Craft a Compelling Cover Letter: Write a cover letter that connects your background to the job requirements. Emphasise your experience with regulatory submissions and your ability to support product launches. Show enthusiasm for the role and the company.
Proofread Your Application: Before submitting, carefully proofread your CV and cover letter for any errors or typos. A polished application reflects your attention to detail, which is crucial in regulatory affairs.
How to prepare for a job interview at Gleeson Recruitment Group
β¨Know Your Regulatory Landscape
Familiarise yourself with the latest regulations and guidelines from authorities like EMA, FDA, and ICH. Being able to discuss recent changes or trends in regulatory affairs will demonstrate your expertise and commitment to the field.
β¨Prepare for Technical Questions
Expect questions related to CMC activities and biosimilar product development. Brush up on your knowledge of submission processes and be ready to explain how you've handled similar situations in your previous roles.

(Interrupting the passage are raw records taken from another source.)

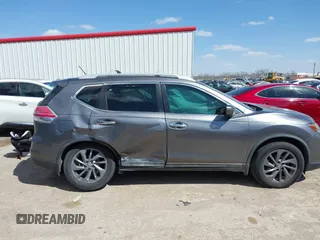 2016 Nissan Rogue SV with VIN 5N1AT2MTXGC874078, listed as a IAAI auction lot 41838624 with 140,561 mi miles. Bid and sale history available at carsss.com. Image 13.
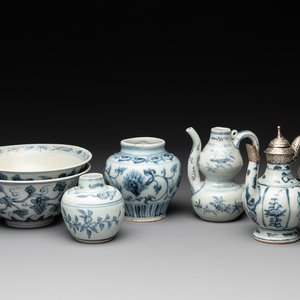 Two Chinese blue and white bowls, two jarlets and two ewers, Ming — photo 1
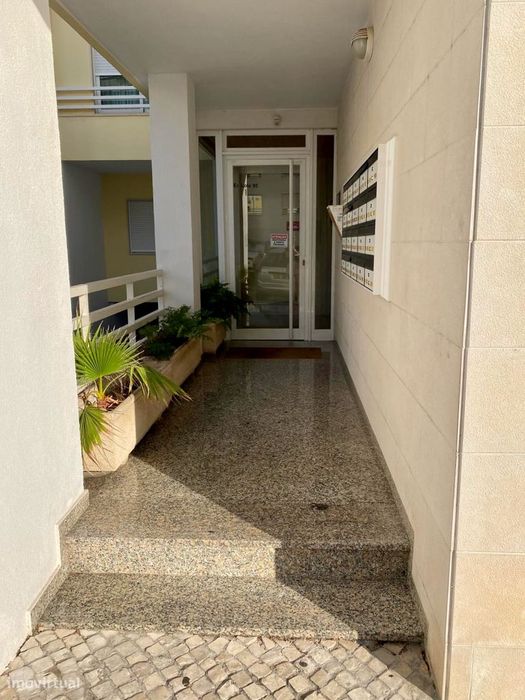 Apartamento T3 com excelentes áreas, renovado, boa exposição solar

β¨Showcase Your Communication Skills
As a Senior Manager, you'll need to interact with various stakeholders, including regulatory authorities. Be prepared to discuss how you effectively communicate complex regulatory information to both technical and non-technical audiences.
β¨Demonstrate Strategic Thinking
Highlight your experience in preparing regulatory roadmaps and conducting gap analyses. Discuss specific examples where your strategic insights have led to successful product approvals or mitigated regulatory risks.